German Bert Tokenization produces [UNK] for non alpha-numeric symbols like: "?" "!" "." "@"

Timoeller commented 5 years ago

English Bert tokenization does not seem to produce [UNK] tokens.

When comparing the vocab.txt files for German and English, I find that the German one does not have standalone "!" or "@" symbols - just "##!" or "##@". Whereas the English vocab contains these symbols.

tholor commented 4 years ago

It's clearly an unwanted model behaviour due to the rather clean corpus used for vocab creation. We (and also others) learned from it :) However, this is nothing related to FARM directly - so I am closing this issue now.

Recommendation for others working with GermanBERT and data with many @ / ! (standalone or at the start of a word):

Simply add those tokens to your tokenizer via tokenizer.add_tokens(["!", "@", ...])

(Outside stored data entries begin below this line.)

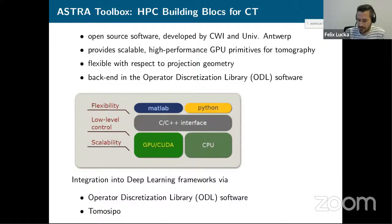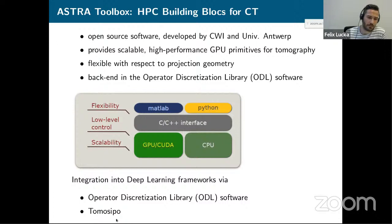For those interested in X-ray CT, we have the ASTRA Toolbox, a high-performance computing toolbox for X-ray CT. There are two ways to integrate it into deep learning frameworks: the ODL (Operator Discretization Library), which uses ASTRA as a backend for X-ray CT, and Allard's recently released lightweight package called tomosipo, which directly couples to PyTorch or TensorFlow.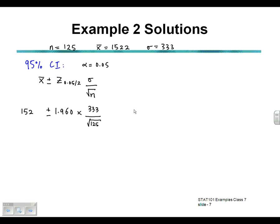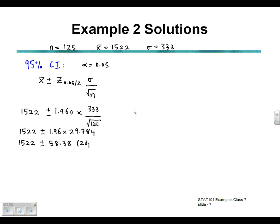The x-bar mean value we're given is 1522. So we have 1522 plus or minus the z-score multiplied by the standard error. Using Excel or your calculator: 1.960 multiplied by the standard error, which comes out at 29.784. So we need to multiply 1.96 by 29.784, and the product of those two is 58.38 to two decimal places.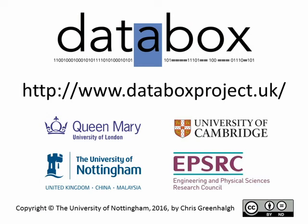To find out more, visit www.databoxproject.uk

The model still won't have pretrained embeddings for those characters, but it can then actually learn them during LM finetuning / downstream training.

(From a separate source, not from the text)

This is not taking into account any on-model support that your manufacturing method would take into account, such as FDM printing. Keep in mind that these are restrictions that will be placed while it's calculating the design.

Timoeller commented 4 years ago

I am reopening this issue, since conversion of normal symbols to [UNK] seems to be related to a change in the tokenization. Now also previously converted symbols like "?" in "Ist das eine Frage?" get converted to [UNK].

This might be due to the BasicTokenizer. It used to be a whitespace tokenizer but is now splitting "Frage?" into "Frage" and "?" tokens. A potential fix would be to change the vocab.txt occurences of ##? or ##. etc to be standalone symbols and reupload the files.

PhilipMay commented 4 years ago

Also see my little gist here which shows the problem: https://gist.github.com/PhilipMay/9ece696dc11d7d57fee3f2f67b591eb4

Same problem happens when you use FARM to tokenize btw.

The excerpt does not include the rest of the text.